The brief mention of misplaced shame indicates a recognition that today's avoidance of shame might be due to either the misuse of shame by past and present leaders or the wrongful employment of shame by sincere believers. And one hopes that is the case. Regardless of that possibility, DeYoung does not fully address legitimate reasons why some are avoiding shame at all costs.
We should note that DeYoung seems to define shame as negative feelings for having done something wrong. And that imprecise definition is one reason why he is not adequately addressing the misuses of shame and how they might contribute to the avoidance of it.
So to add to DeYoung's article on shame, a better working definition is needed. And here, if we check the Meriam-Webster Dictionary, we can discover both a good and bad definitions of shame. The good definition describes how we should feel when having failed God.

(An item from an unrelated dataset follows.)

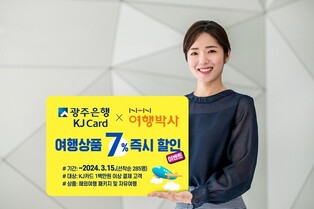 광주은행 KJ 카드, 여행 상품 특별 이벤트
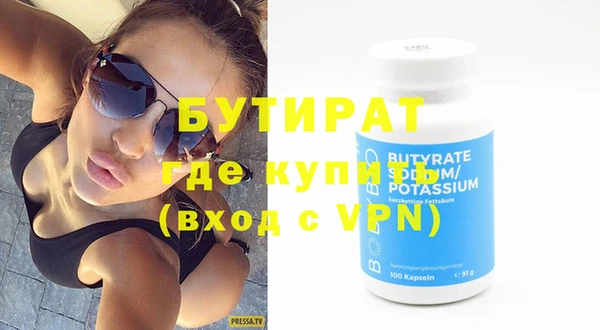 мефедрон мука Бронницы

The bad definition describes how we should not feel regardless of having failed God.
How does the Merriam-Webster Dictionary define the word 'shame'? What will be done here is to contrast the first two definitions (click here for the source):
- a painful emotion caused by consciousness of guilt, shortcoming, or impropriety
- a condition of humiliating disgrace or disrepute
There is a subtle difference between the two definitions. While the first definition makes no indication of referencing others as at least a partial reason for feeling pain, the second definition does. In other words, while the first definition describes how we might feel when reflecting on a failure without reference to or comparison with others, the second definition definitely talks about how our consciousness of others comes into play when feeling shame. The second definition indicates that a source for negative feelings comes from feeling inferior to others.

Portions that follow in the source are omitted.